Sus reflexiones sobre este país se encuentran en uno de los últimos capítulos de su libro, The audacity of hope. Tal ubicación no es señal de escaso interés frente a otros asuntos. E Indonesia sirve apenas de abrebocas, como una "metáfora" para su más amplio análisis del "mundo más allá de nuestras fronteras".
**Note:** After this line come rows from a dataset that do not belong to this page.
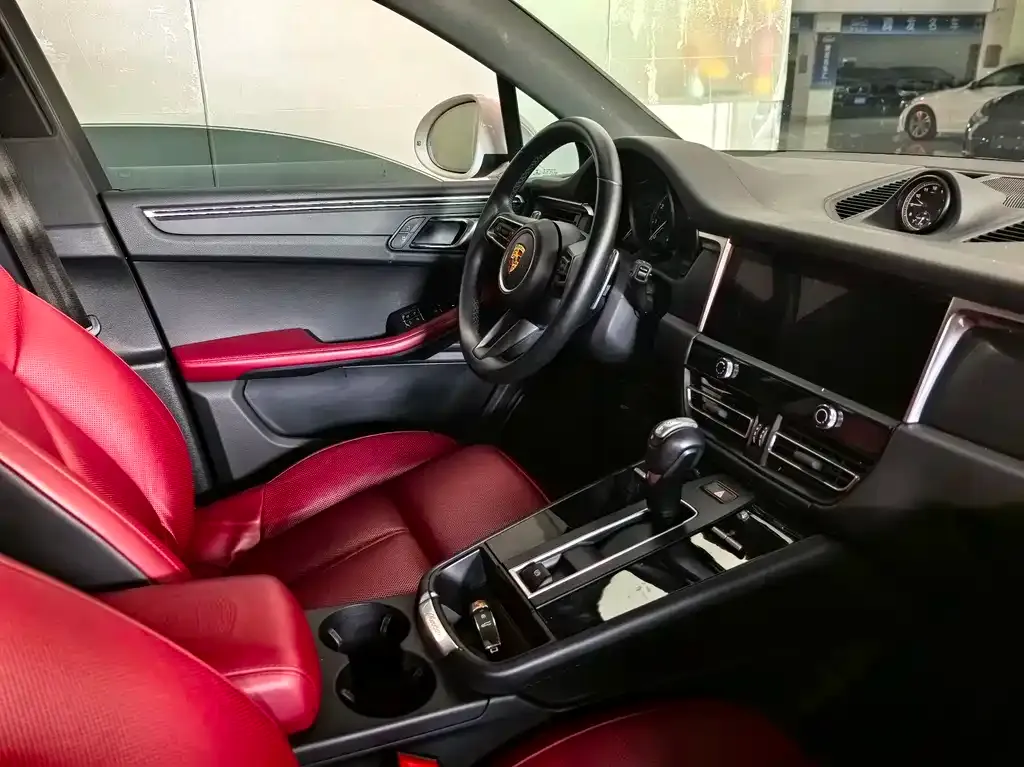 Porsche Macan 2022 из CN, фото 7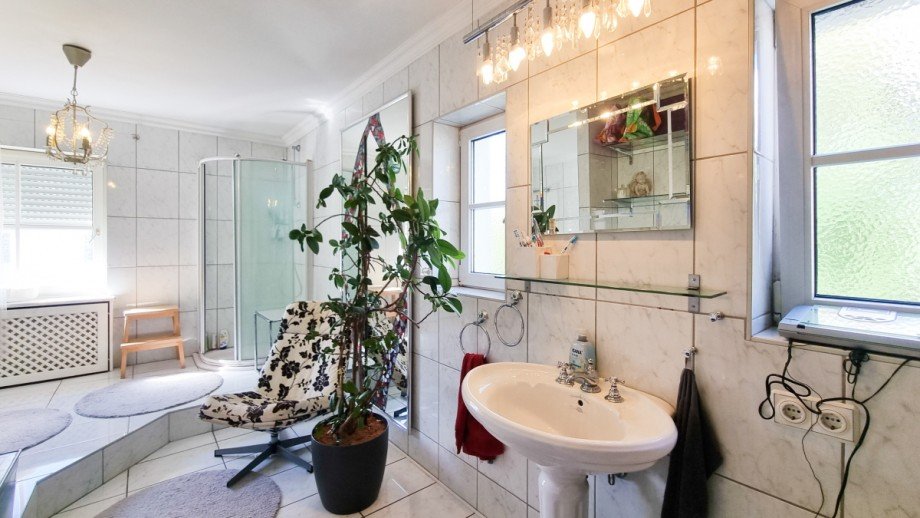 Badezimmer im Obergeschoss Doppelhaush�lfte M�nchen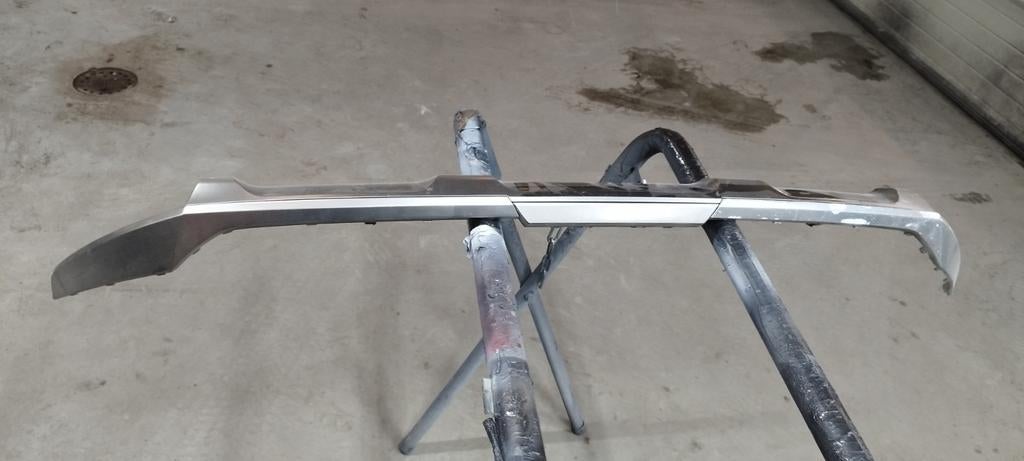 voorbumper lijst , skid plate Kia Niro HV, Ophalen, Voor, Bumper, Gebruikt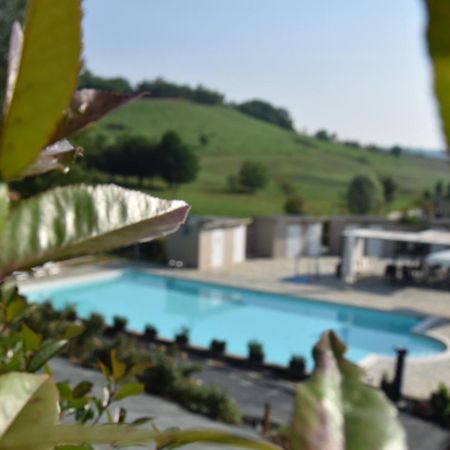 Aura Loving Home Con 4 Posti Letto, Cucina Completa, Terrazzo Ed Un Grande Parco Verde Serravalle d'Asti Exterior foto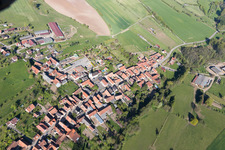 Bischholtz im Bundesland Bas-Rhin, Frankreich von oben gesehen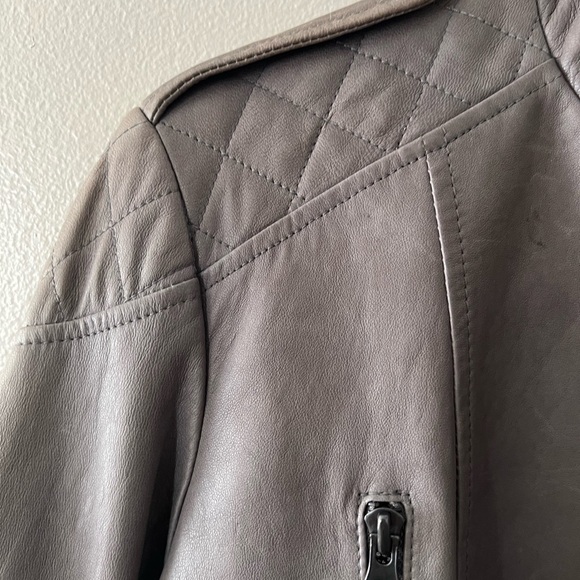 Vince NWT Gray Leather Biker Jacket with Quilted Sleeve Detail - size M - Picture 6 of 16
Como en otros aspectos de su pensamiento, el papel internacional que Obama proyecta para los Estados Unidos está inspirado en una mezcla heterodoxa. Sobresalen ciertos ideales que recurrentemente han motivado la política exterior de su país, pero al lado de una dosis fuerte de realismo sobre las relaciones del poder. Descarta sí el aislacionismo. Ve la seguridad de los Estados Unidos íntimamente ligada con la seguridad de otros rincones: "La amenaza creciente proviene más que todo de aquellas partes del mundo en los márgenes de la economía global", donde las normas internacionales no existen -el territorio de los "Estados débiles o fracasados, de la arbitrariedad, la corrupción y la violencia crónica"-.
Más que una estrategia específica contra tales amenazas, Obama adelanta en su libro unos cuantos principios. Comienza con reiterar una premisa básica: los Estados Unidos, "como cualquier nación soberana, tiene el derecho unilateral de defenderse" -ello incluye el derecho de tomar acciones unilaterales "para eliminar una amenaza inminente a nuestra seguridad"-. Pero Obama proclama también la necesidad de acudir a la diplomacia multilateral, sobre todo cuando se trata de desplegar la fuerza para intervenir en los problemas mundiales. De cualquier manera, Obama acepta que los Estados Unidos conservarán el papel de "comisarios renuentes del mundo".
Eso no cambiará bajo su presidencia. El intervencionismo quizá se intensifique, acompañado de esfuerzos diplomáticos para ganar la "batalla de las ideas", combinando el poder de la fuerza con ideales normativos que le puedan conferir a los Estados Unidos otro tipo de liderazgo. Obama ha evocado el espíritu de liderazgo propuesto en su momento por Woodrow Wilson, en la búsqueda de aliados internacionales que compartan una serie de valores basados en el respeto a la libertad, la democracia y el imperio a la ley como marco para la reconstrucción de las normas e instituciones internacionales. Su libro anuncia la necesidad de una nueva política exterior norteamericana, fundamentada en el consenso bipartidista.
Por supuesto que The audacity of hope no contiene su plataforma de gobierno. Sin embargo, no es frecuente toparse con presidentes de los Estados Unidos (o de otros países) que hayan escrito libros antes de llegar al poder. Sus páginas ganan entonces actualidad y nos pueden decir algo sobre su visión del mundo, que de alguna u otra manera se proyectará en la política exterior bajo su mandato.